The report said that the contract was signed in 2008 with Elbit Systems and worth some $140 million.
Ynetnews, reporting the same story, said both the Defense Ministry and Elbit had confirmed the cancellation.
Haaretz’s website said the decision was made “out of security concerns, principally in consideration of Turkey’s ties with enemy states of Israel, particularly Iran.”
Meanwhile, The Jerusalem Post reported that the coordination mechanism designed to prevent misunderstandings and potential clashes between Turkish and Israeli military planes over the Mediterranean Sea, is back.
Turkey ended its aerial cooperation with the Israeli military in 2009, in protest against the Israeli offensive in Gaza that killed about 1,400 Palestinians.
A senior official of the Israeli Air Force, who kept his identity anonymous, told the newspaper, that the coordination mechanism was recently reactivated as part of the two countries’ efforts to “stabilize and improve ties.”
He said the Israeli Air Force would also likely invite Turkey to participate in a large-scale international aerial drill that it will be hosting in 2013. “There is nothing preventing them from participating,” the official said.
Meanwhile, according to the Turkey-based newspaper, Today’s Zaman, about two weeks ago, the Turkish Military Attaché to Israel attended an Israeli Air Force briefing for foreign military officers at the Ovda Air Force Base on the sidelines of the Israeli joint maneuvers with the Italian Air Force.

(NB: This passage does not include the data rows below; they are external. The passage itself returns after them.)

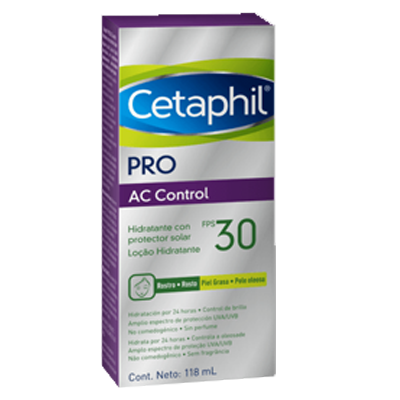 Cetaphil Pro Ac Control Loção Hid Fp30 118 Ml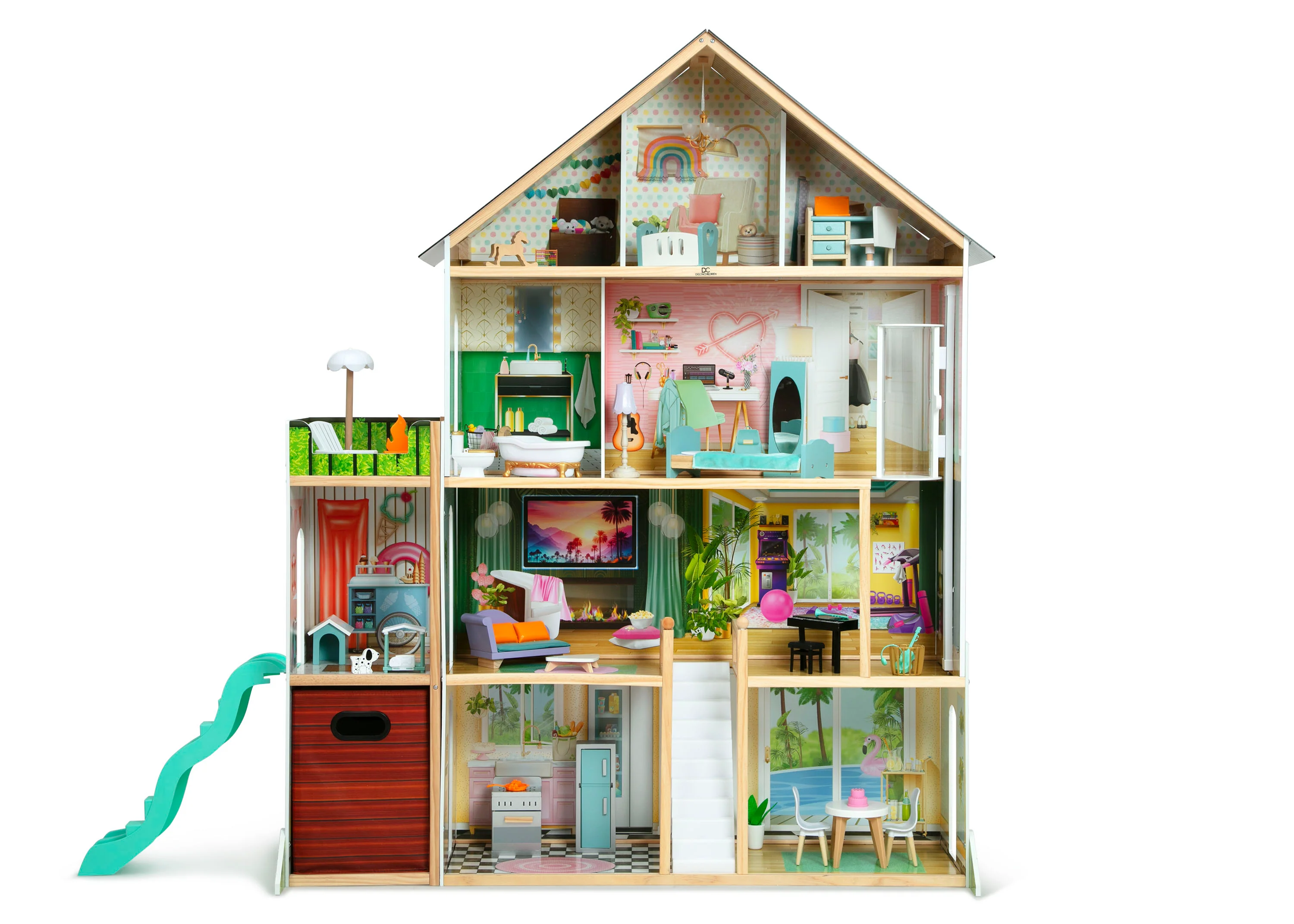 Deluxe Maui Dollhouse - Image 22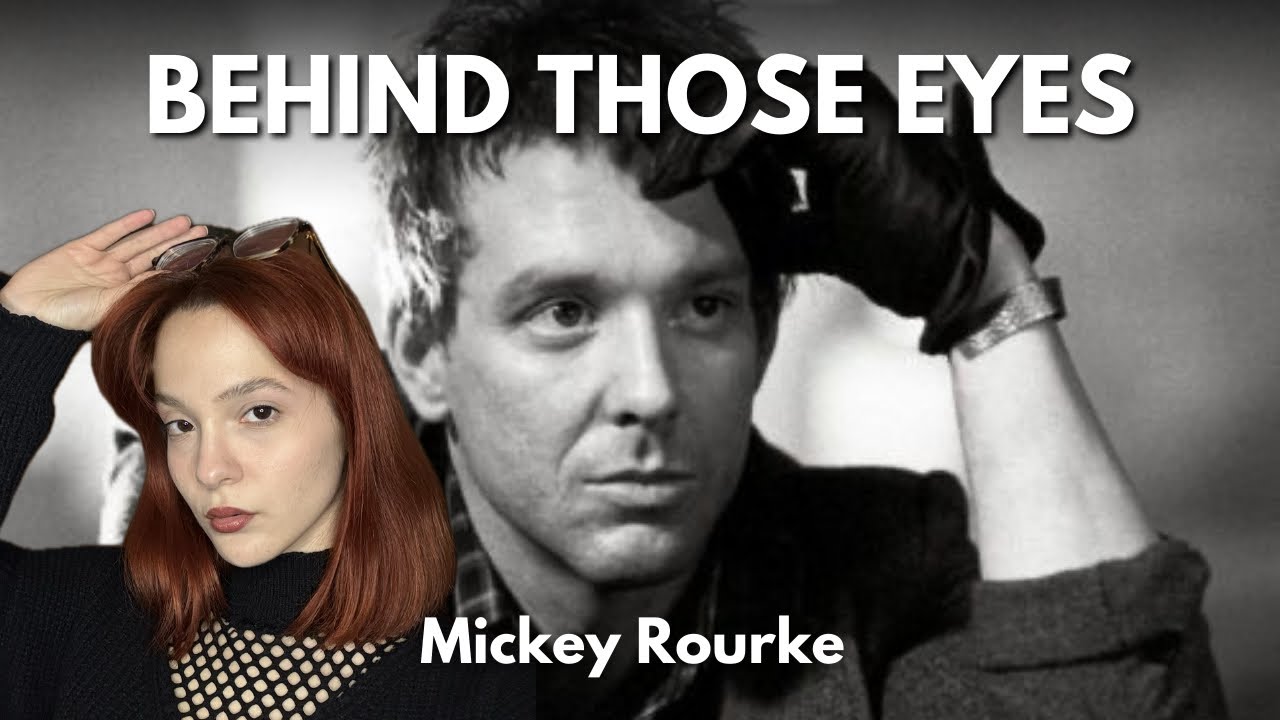 BEHIND THOSE EYES - La storia di Mickey Rourke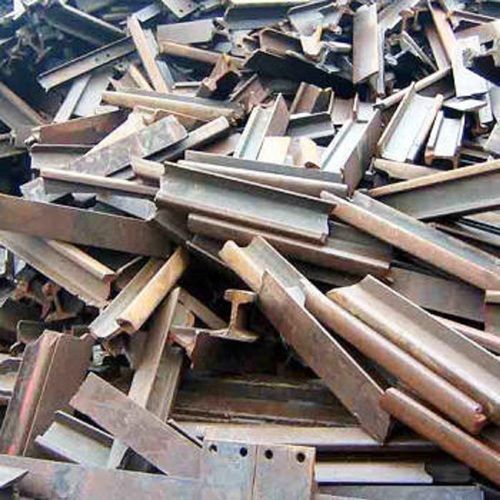 5mm Thickness Brown Iron Heavy Metal Scrap For Industrial Use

“Ties with Turkey are extremely important to Israel, but we have a security responsibility over any product that is given approval for export,” an Israeli security official told Haaretz.
Once flourishing Turkish-Israeli ties plunged into deep crisis last year when Israeli forces killed 9 Turks in a raid on a Turkish ferry, part of an activist flotilla carrying aid to Gaza.